Vegan Restaurant Closures: Cooked or Cooking?
It's not the closures you need to worry about
If you’re anything like me, you probably have a favorite vegan restaurant. If you’re very much like me, your favorite is your favorite because your old favorite closed down. This comports with the popular understanding: vegan restaurants are always struggling and closing down.
From chatting with people, it also just sorta “feels like” there are fewer and fewer vegan restaurants. A recent article in GrubStreet, “How Veganism Got Cooked“, attempts to narrativize the situation with an NYC focus. As I write this the story is #1 on their site, far above a story on a shrimp-focused restaurant doing well.
Sure, these are the feelings, but what’s actually going on? I used OpenStreetMap data and examined entries to determine if they are restaurants and whether they are vegan restaurants, specifically. I analyzed a total of 18,103 restaurants in four cities: New York City, San Francisco, Portland, Berlin1; detecting 3,758 closures overall. The data was captured on Jan 1 of each year, starting with 2019 and continuing to the year of this publication, 2026. For these analyses, you’ll note that they begin in 2020: this is because for there to be a change, you must have previous data to compare it to, thus the first year with a valid comparison is 20202.
At first blush, it would seem we’ve seen the beginnings of a collapse of the vegan restaurant industry in the past couple years, but the situation is actually far odder than that. This year, we’ve seen fewer vegan restaurants close than non-vegan ones, percentage-wise! That should be excellent news! Somehow, they’re holding on admirably well, despite everything.
But if they’re not actually closing more often than before, what’s going on? Why does it still feel like there are fewer vegan restaurants? From the data it is clear that the issue is that there are fewer new restaurants opening. In fact, there are so few new ones that we have dropped below replacement, meaning that the number of total vegan restaurants decreased between 2025 and 2026. However, a similarly-sized decrease was observed between 2023 and 2024 that corrected between 2024 and 2025.
Why might this be? There are several possibilities. If you have your own hypothesis, please drop it in the comments section below, but here are the main reasons I can think of:
Investor skepticism
Restaurateur fear
Restaurateur fatigue from previous, failed restaurants
Lower population of vegans to become restaurateurs
It is difficult to disentangle these. We have seen reports that the number of vegans in the US (sorry, Berlin, Germany) has decreased over time. This could lead to all but #3 in the list above. Someone who’s willing to dig into this further will have a big job ahead of them. Luckily I am a shallow diver and my work here is done.3
and raw population trends start at 2020 as well for ease of understanding the charts and for symmetry
Limitations:
Cities are defined by their north/east/south/west extents. This may slightly exclude or include restaurants that aren’t quite within the true boundaries. I think this is more or less fine. Were this a research paper, I’d probably ensure I had good KMLs of the true boundaries. Another issue that might be here is if for some reason OSM had poor coverage of a city that improved over time, which might look like restaurant growth without actually being growth. I used large cities that already had excellent coverage to account for this. It’s likely that I’ve under-counted vegan restaurants, given that the way I identify them is by using OSM’s listings, but I’ve done the best I can reasonably do!

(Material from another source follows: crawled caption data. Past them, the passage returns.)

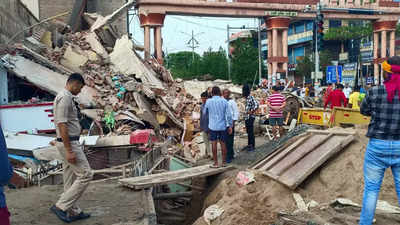 Three-storey building collapses in Chhattisgarh's Bilaspur; no casualties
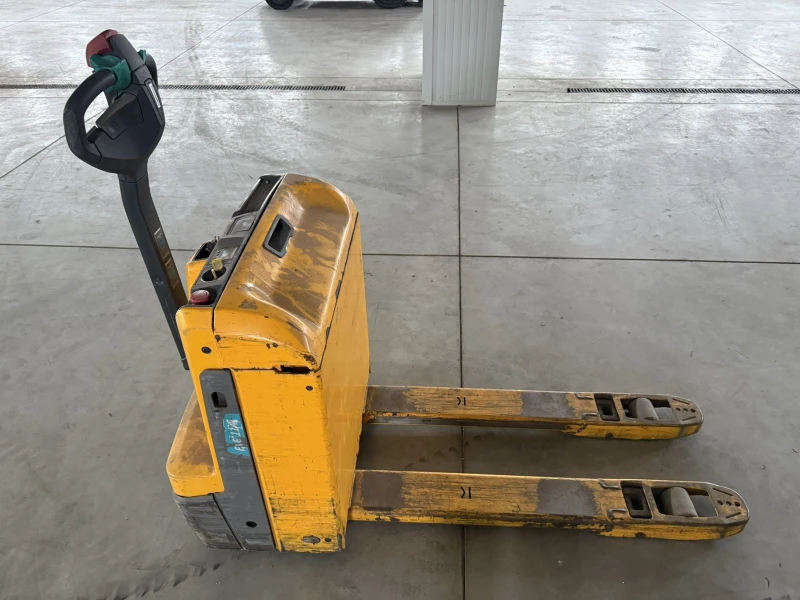 Електрокар Jungheinrich  Електрокар Jungheinrich Много добро с-яние 1205ч, снимка 6 - Индустриална техника - 49798494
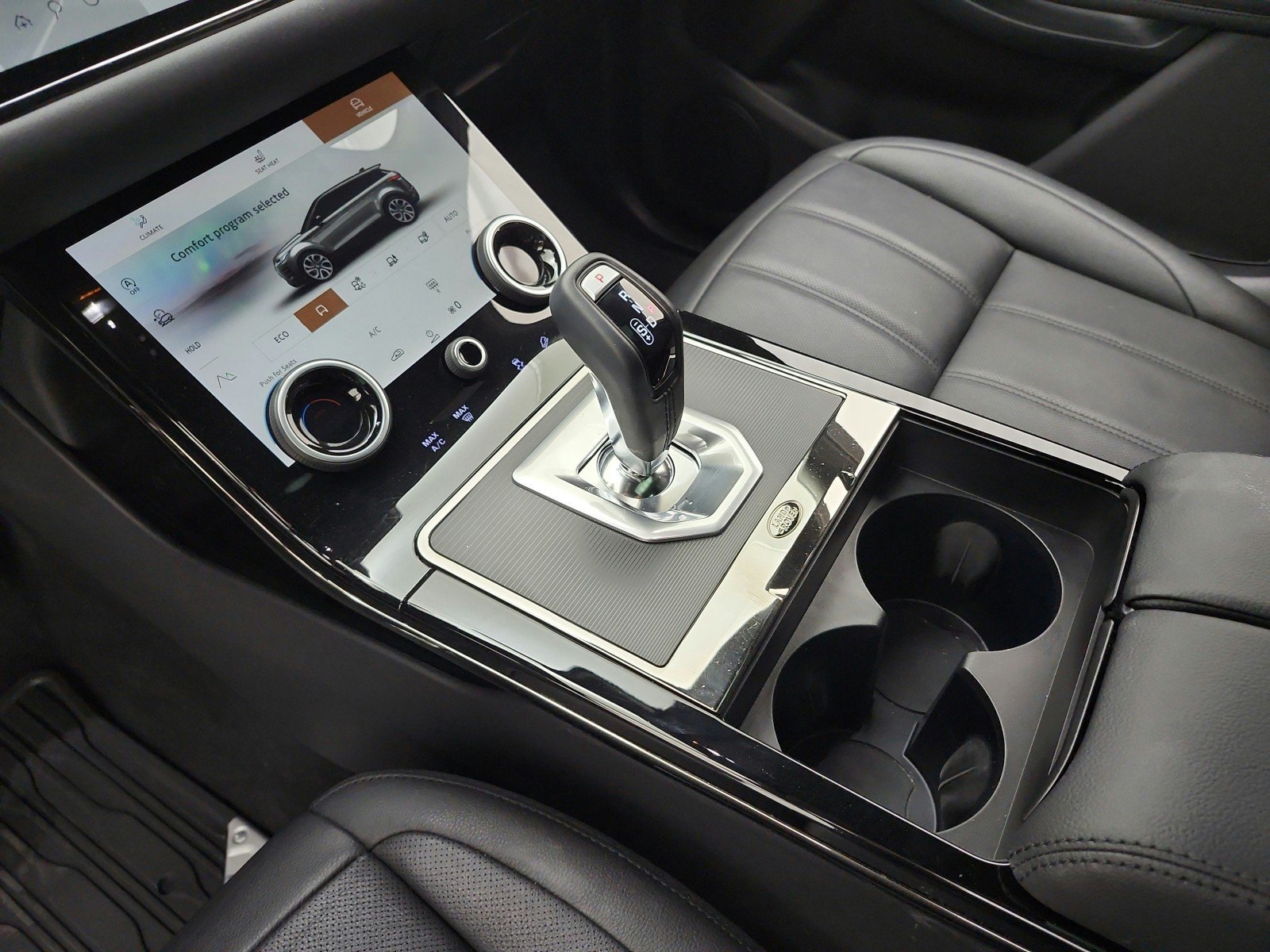 Used 2023 Land Rover Range Rover Evoque R-Dynamic SE AWD/4WD image 11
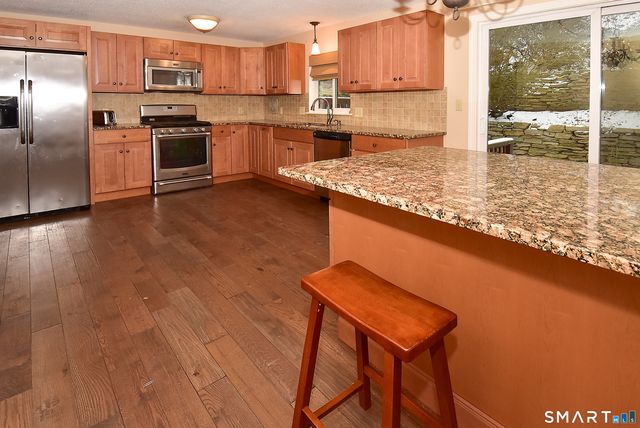 49 Cliffside Drive B, Manchester, CT 06042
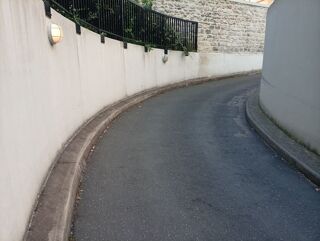  Parking / Garage à louer 12 m²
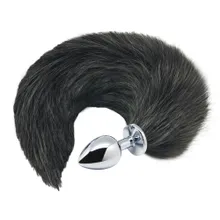 Analplug „Black & White Fox Tail“ aus Metall mit Schweif am Stopper Analplug „Black & White Fox Tail“ aus Metall mit Schweif am Stopper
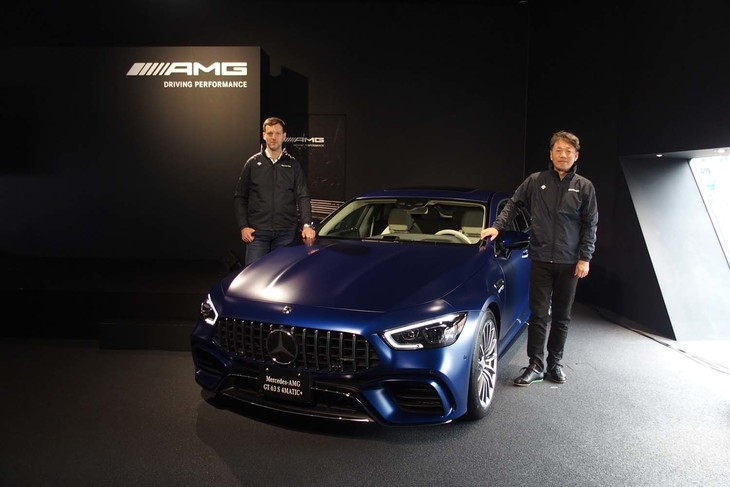 「AMG GT 4ドアクーペ」の発表会でスピーチを行ったメルセデス・ベンツ日本の代表取締役社長兼CEO上野金太郎氏（右）と、車両紹介を担当したメルセデスAMGの商品企画統括サイモン・トムス氏（左）。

User likethus on Reddit had a good point, noting that OSM might systematically undercount closures and correctly count openings since people might be more enthusiastic about adding cool new places than removing old places. I agree that this is a limitation that could be skewing results. Unfortunately I don't have a better way of checking this with the data I have access to (without paying Google money, and still that wouldn't be guaranteed to be accurate). I'm hoping my use of big cities might help deal with this.
See their comment thread here: https://www.reddit.com/r/vegan/comments/1qcojdx/comment/nzmjwt5
I have no research to back this up, but I would *imagine* the sample size of "vegan restaurants" vs "non-vegan restaurants" are vastly different by at least one or two if not more orders of magnitude. That may be why it *feels like* all the vegan places are closing - think of it like if you take one away from 100 options, its way more noticeable than taking one away from 10,000 options.